Creating a virtual environment using uv
Like in the previous example, I start with three files:
.
├── example.py
├── requirements.txt
└── run.sh
0 directories, 3 files
This time I will install dependencies defined in the file requirements.txt
which happens to contain the following:
numpy
matplotlib
pandas
The interesting part is again the run.sh
file:
#!/usr/bin/env bash
#SBATCH --account=nn9997k
#SBATCH --job-name='test'
#SBATCH --time=0-00:10:00
#SBATCH --mem-per-cpu=2G
#SBATCH --ntasks=1
# how to adapt this for your project:
# - change the account (above)
# - check and adjust UV_CACHE_DIR (below)
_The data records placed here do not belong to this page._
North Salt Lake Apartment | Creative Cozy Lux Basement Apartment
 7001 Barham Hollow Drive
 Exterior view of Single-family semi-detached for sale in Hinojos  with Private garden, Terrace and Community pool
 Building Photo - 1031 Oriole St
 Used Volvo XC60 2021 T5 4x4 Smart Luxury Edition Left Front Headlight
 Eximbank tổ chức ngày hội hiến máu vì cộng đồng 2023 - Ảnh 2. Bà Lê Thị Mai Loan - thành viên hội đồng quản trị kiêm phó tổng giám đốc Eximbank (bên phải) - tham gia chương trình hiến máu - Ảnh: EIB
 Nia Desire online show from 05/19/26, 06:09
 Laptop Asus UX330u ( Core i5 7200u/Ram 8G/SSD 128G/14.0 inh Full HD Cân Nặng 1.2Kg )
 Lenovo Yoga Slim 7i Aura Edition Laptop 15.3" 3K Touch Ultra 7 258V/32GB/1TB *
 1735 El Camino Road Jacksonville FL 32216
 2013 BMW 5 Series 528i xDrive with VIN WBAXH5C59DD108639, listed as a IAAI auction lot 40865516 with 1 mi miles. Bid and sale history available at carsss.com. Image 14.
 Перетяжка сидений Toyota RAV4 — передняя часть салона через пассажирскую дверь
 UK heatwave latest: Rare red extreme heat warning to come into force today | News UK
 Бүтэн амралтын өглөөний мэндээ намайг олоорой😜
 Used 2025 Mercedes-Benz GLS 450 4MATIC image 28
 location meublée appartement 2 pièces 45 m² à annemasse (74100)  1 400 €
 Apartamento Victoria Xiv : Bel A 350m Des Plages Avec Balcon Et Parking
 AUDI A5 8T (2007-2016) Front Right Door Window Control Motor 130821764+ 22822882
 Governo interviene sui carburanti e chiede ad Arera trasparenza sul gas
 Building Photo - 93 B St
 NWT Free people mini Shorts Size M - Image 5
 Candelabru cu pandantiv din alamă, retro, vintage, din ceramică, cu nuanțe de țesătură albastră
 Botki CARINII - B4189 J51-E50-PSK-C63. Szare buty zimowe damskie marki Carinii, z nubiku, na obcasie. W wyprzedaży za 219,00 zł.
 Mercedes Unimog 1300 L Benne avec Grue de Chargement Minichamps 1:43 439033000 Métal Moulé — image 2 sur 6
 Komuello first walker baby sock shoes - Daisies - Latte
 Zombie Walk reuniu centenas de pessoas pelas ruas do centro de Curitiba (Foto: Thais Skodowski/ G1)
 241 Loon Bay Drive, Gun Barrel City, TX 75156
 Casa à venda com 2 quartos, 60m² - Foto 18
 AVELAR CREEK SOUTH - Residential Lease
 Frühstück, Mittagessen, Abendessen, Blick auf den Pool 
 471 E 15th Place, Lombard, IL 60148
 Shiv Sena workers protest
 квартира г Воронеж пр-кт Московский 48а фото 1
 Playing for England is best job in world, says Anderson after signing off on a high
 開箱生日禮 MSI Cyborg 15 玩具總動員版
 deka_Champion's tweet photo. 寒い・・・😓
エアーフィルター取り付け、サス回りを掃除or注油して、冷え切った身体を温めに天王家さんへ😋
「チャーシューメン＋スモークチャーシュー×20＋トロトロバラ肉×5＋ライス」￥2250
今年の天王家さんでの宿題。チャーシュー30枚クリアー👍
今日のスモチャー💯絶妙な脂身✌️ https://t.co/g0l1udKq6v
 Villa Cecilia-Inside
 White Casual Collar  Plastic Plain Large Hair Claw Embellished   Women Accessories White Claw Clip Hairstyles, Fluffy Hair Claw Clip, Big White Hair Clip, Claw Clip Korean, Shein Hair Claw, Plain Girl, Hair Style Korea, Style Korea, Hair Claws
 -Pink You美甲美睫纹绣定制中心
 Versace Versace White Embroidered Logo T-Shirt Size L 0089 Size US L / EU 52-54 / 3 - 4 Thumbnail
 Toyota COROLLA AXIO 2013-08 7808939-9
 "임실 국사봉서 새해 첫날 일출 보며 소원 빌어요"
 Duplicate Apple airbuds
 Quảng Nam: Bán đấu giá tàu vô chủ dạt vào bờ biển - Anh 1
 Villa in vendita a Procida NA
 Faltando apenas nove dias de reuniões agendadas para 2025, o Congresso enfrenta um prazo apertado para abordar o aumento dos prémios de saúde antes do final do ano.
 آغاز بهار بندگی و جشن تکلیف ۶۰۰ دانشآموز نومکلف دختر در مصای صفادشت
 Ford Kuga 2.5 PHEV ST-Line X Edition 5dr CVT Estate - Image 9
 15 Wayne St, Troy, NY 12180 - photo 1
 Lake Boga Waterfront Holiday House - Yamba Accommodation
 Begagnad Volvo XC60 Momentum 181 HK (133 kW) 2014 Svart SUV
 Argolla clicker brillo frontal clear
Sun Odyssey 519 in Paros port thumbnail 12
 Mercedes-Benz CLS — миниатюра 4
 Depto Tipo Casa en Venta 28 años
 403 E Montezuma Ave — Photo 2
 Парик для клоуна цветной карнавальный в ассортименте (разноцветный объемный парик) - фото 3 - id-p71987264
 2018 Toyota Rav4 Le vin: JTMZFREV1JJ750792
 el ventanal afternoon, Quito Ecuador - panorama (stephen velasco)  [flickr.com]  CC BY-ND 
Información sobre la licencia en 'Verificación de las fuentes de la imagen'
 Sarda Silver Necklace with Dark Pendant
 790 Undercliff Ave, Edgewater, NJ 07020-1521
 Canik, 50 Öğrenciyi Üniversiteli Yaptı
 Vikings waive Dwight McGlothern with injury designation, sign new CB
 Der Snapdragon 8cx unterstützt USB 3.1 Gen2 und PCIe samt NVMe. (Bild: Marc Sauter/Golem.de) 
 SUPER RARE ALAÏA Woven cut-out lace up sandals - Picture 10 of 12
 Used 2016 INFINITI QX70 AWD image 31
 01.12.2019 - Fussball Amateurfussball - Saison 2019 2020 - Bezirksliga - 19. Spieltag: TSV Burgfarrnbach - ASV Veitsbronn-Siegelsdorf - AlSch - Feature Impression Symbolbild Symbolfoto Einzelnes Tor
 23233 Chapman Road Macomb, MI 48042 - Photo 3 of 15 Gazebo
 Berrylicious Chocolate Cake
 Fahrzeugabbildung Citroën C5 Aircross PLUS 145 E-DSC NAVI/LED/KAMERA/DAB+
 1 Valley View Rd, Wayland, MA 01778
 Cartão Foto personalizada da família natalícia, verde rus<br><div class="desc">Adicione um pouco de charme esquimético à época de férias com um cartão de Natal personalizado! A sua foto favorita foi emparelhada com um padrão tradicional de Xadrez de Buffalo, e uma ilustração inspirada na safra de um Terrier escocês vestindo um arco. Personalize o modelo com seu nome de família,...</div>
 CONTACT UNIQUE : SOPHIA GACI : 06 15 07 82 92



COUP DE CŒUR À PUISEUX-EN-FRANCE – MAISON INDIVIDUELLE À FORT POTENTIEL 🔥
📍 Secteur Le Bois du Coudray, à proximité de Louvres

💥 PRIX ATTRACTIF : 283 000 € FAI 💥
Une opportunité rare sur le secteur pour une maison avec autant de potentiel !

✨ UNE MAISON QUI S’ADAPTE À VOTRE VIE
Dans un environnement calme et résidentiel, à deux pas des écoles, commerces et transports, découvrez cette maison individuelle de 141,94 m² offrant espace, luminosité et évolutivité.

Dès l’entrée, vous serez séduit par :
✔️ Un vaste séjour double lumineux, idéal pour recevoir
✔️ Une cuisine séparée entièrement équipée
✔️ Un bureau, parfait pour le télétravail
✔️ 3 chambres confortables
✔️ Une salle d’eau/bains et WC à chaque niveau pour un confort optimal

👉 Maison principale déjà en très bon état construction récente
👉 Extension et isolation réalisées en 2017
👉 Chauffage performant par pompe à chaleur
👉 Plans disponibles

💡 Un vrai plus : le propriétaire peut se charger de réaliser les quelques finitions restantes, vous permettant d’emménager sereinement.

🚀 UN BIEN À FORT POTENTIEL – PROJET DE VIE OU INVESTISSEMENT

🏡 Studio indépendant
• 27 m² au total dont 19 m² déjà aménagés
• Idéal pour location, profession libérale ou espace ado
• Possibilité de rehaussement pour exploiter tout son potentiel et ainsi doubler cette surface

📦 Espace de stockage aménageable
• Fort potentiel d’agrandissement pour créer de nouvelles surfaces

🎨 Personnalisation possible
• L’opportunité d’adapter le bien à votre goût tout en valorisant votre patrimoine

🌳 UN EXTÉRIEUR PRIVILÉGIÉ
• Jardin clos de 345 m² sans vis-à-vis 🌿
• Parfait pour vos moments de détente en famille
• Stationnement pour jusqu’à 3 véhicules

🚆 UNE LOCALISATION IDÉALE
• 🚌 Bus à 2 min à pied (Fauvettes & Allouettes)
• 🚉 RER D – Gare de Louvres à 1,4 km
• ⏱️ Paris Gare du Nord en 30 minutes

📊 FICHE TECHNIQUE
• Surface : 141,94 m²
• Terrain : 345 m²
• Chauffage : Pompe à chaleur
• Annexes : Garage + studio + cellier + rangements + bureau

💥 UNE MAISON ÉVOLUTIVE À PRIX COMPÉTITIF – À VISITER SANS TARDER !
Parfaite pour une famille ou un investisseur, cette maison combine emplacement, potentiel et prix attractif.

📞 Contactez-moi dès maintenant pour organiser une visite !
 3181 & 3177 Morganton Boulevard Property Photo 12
# - place this script in your project folder, not in your home
# use safe bash settings
set -euf -o pipefail
UV_VERSION="0.5.14"
# we have to re-define the cache directory otherwise it writes files to
# ~/.cache and fills home quota
# it would make sense to use one cache for all projects or your entire research
# group but don't put it in your home
# just for the sake of demonstration it is now placed in ${USERWORK} but
# project space would be better
export UV_CACHE_DIR=${USERWORK}/cache
# if uv does not exist, download it
if [ ! -e uv ]; then
wget -q https://github.com/astral-sh/uv/releases/download/${UV_VERSION}/uv-x86_64-unknown-linux-musl.tar.gz -O - | tar xz --strip-components=1 -C . uv-x86_64-unknown-linux-musl/uv
fi
# create a fresh virtual environment unless it exists
if [ ! -d venv ]; then
./uv venv venv
fi
# activate the environment
source venv/bin/activate
# synchronize environment with requirements.txt
# in other words: install dependencies into the venv
./uv pip sync requirements.txt
# run the example code
./uv run python example.py
I send it to the queue with sbatch run.sh
. First time I run this script, it
will download uv
, create the virtual environment venv
, and install
dependencies defined in requirements.txt
.
The second time I run this script, it will not need to re-install dependencies and the run will take a minute less. In other words it is not a problem to have the installation as part of the job but you can also split this into two scripts: one for installation and one for running the code.
This is how my folder looks after the run:
.
├── example.py
├── requirements.txt
├── run.sh
├── slurm-13566280.out
├── uv
└── venv
1 directory, 5 files
The venv
folder contains the environment. It is good that the environment is close to the calculation
since both belong together to make the calculation reproducible.